Fearing the unrest could spiral out of control, the Jiangxi provincial authorities intervened to promise workers that the plant would be saved, even if the provincial government had to buy it. The assurance reportedly ended the strike as of yesterday.

Last Thursday, according to the Hong Kong-based China Labour Bulletin, more than 1,000 workers at a Foxconn-owned plant in Yantai, Shandong province, stopped work over the lack of equal wages for the same jobs. One young worker at the plant explained that Foxconn had announced that employees who joined the company before February 28 last year, would receive an increased monthly wage of 1,750 yuan ($268), while those employed later would receive 1,600 yuan and the new recruits would get 1,350 yuan. Some 80,000 workers work at the plant.

This was the second protest in a week at Foxconn plants. Hundreds of workers at the company’s Wuhan sweatshop had threatened a collective suicide over low wages and unbearable labour conditions. (See: “Foxconn workers threaten suicide protest in China”)

In recent weeks, strikes have continued to erupt in China, driven by falling export orders and a slowing economy, which have forced employers to step up attacks on the already low wages, poor conditions and jobs.

Last Wednesday, over 1,000 workers at Hong Kong-owned Creative Master at Dongguan in Guangdong province staged a protest over the sudden closure of the factory. The owners fled without paying outstanding wages.
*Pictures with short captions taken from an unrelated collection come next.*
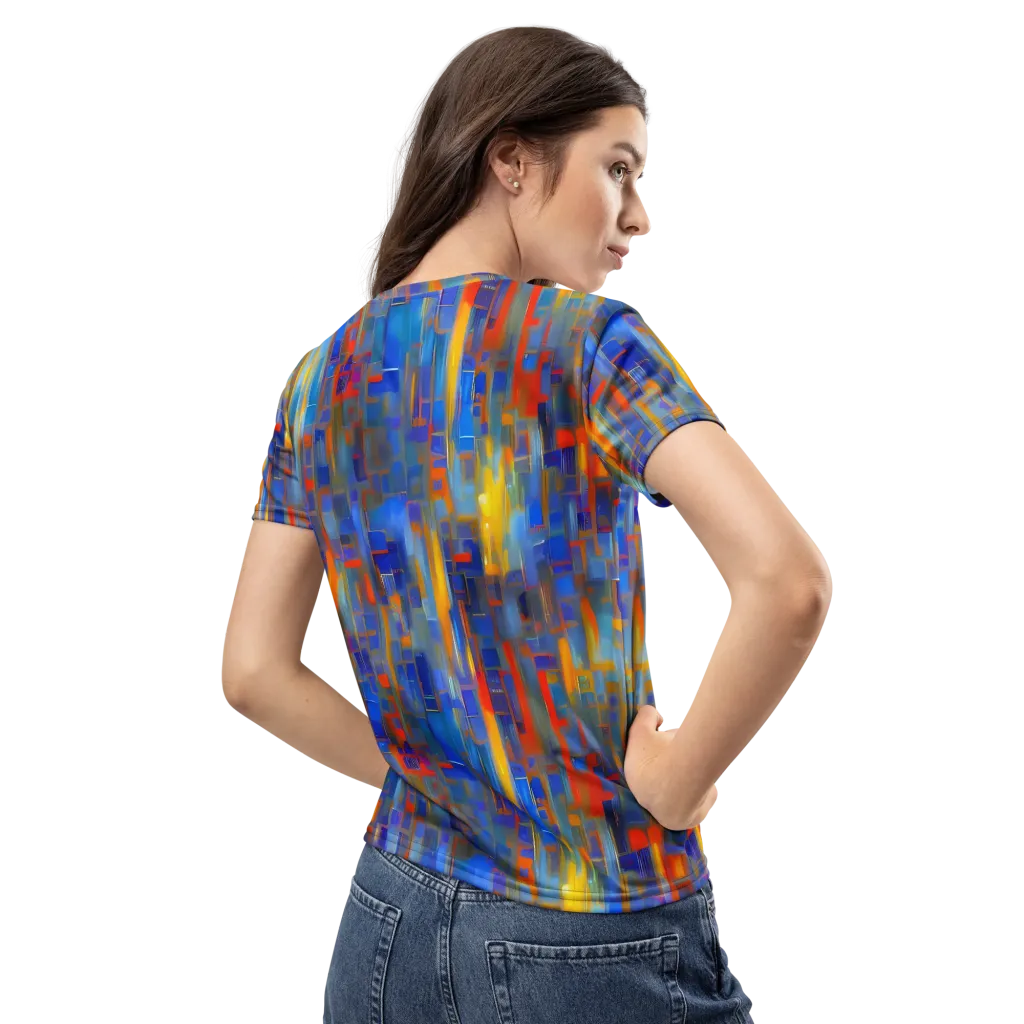 Neoplastique Flow on Women's Crew Neck T-Shirt — Back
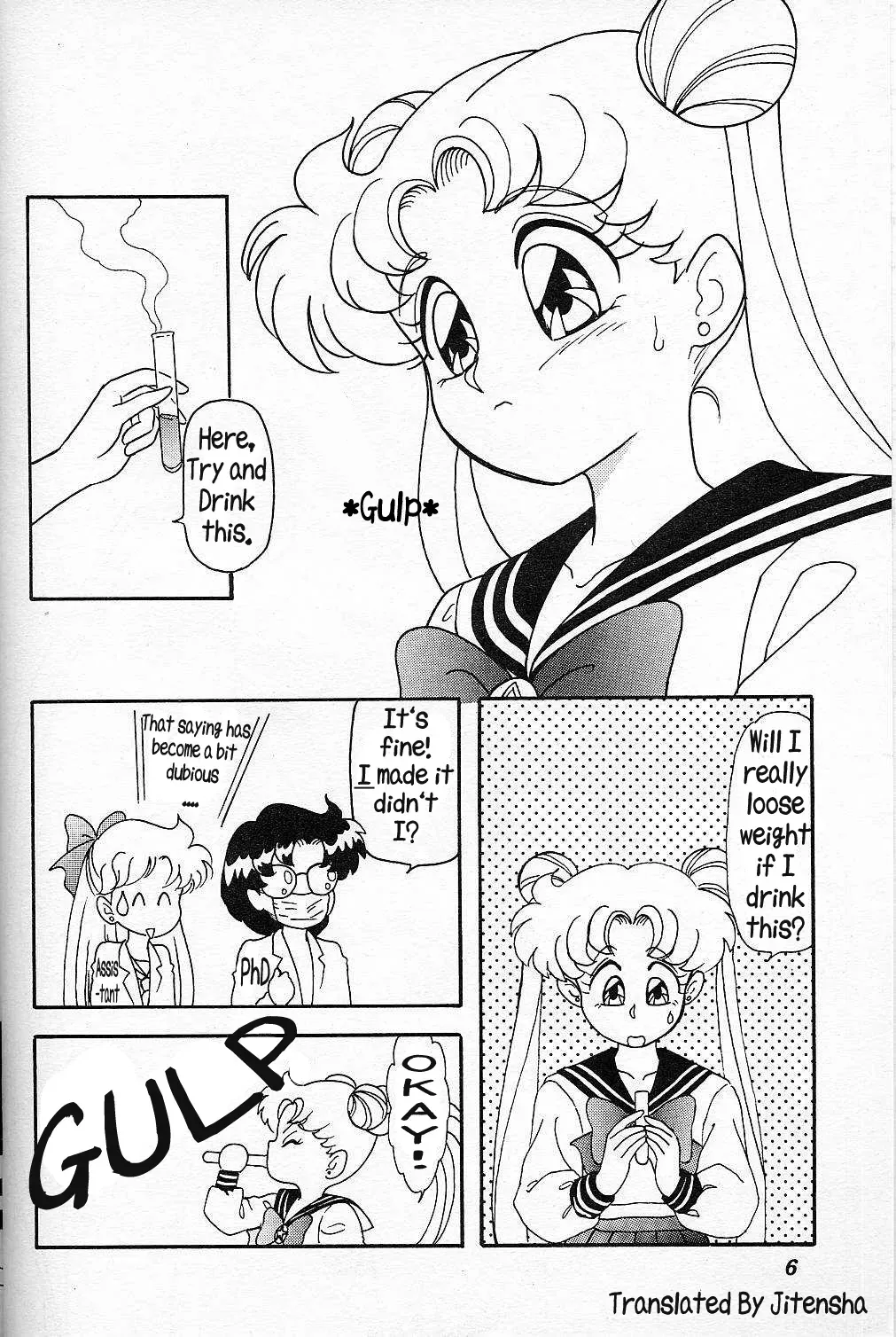 [Chandora, LUNCH BOX (Makunouchi Isami)] Lunch Box 6 - Usagi (Bishoujo Senshi Sailor Moon) [English] [Jitensha] [Incomplete] - Page 2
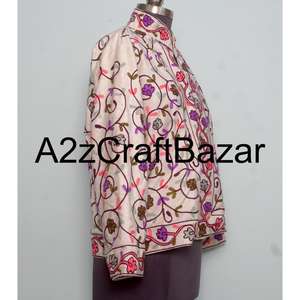 Chaqueta de Terciopelo 100% Algodón Tejido con Patrón Floral Bordado Ecológico y Transpirable para Mujeres y Niñas - Product Image 4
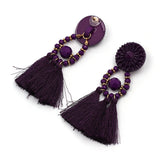 Boho Fringe Tassel Earrings - 9 colors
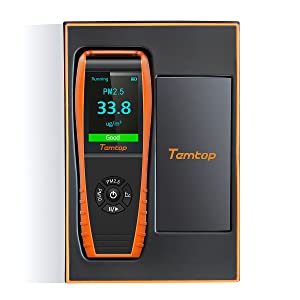 Temtop P600 Air Quality Monitor Easy Button-press Design
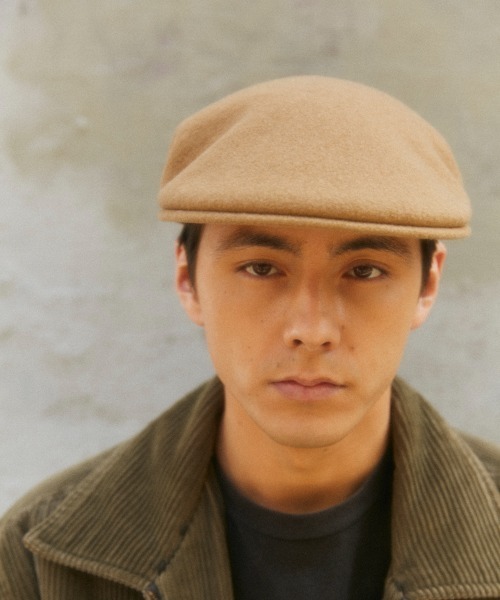 KANGOL（カンゴール）の「KANGOL Wool 504（ハンチング/ベレー帽・メンズ・ホワイト/ライトグレー/ブラック/ネイビー/ブラウン/グレー/レッド/ピンク/オレンジ/グリーン/ライトブラウン/ダークグレー/キャメル/ワイン/ブラック×ゴールド・SMALL/MEDIUM/LARGE/X-LARGE/XX-LARGE）」の12枚目の写真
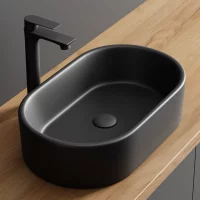 Aufsatzwaschbecken 55 cm schwarz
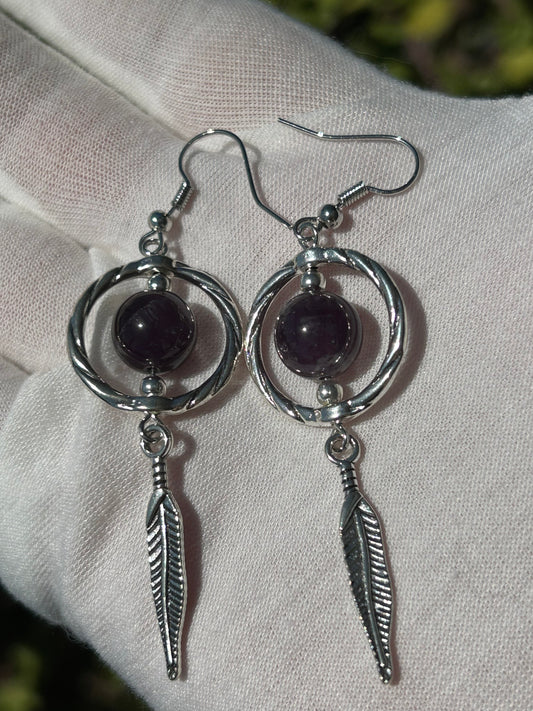 Amethyst Drop Earrings (Copy)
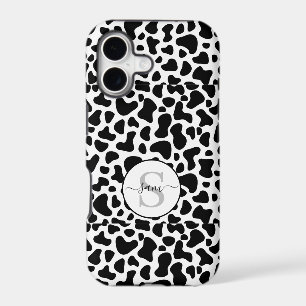 Cow Black White Monogram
Workers held a street march with banners demanding the “heartless bosses” pay them for the Chinese New Year. Fearing an escalating protest, the local authorities promised to pay two months wages to the workers, and to hunt down the employers.

Creative Master was once the world’s largest contract manufacturer of metal toy cars for multinationals such as Mattel, PMA and Hornby, with 10 factories and 10,000 workers. The closure of the Dongguan factory—the company’s last—is an indication of the impact of the worsening world economic crisis on China’s export industries.

On January 4-5, around 1,000 workers at Wuxi Little Swan Co Ltd in Jiangsu province—the world’s third largest washing machine manufacturer—also staged a strike against the axing of 40 percent of the workforce, and cutbacks to wages and benefits. The firm has just been taken over by Midea, an emerging Chinese multinational, as part of the consolidation of the home appliances industry.

The unrest has spread to shipyard workers. On January 2, hundreds of workers at China’s seventh largest shipbuilder, Fujian Crown Ocean Shipbuilding Industry, blocked local traffic for hours. Authorities deployed armed police to disperse the protest. Workers took to the streets to demand three months of unpaid wages.

The National Development and Reform Commission indicated that new shipbuilding orders fell by 47.3 percent in the first 11 months of 2011 compared with a year earlier. This is another sharp indicator of declining global trade and the resulting economic slowdown that is impacting on China and propelling the working class into struggle.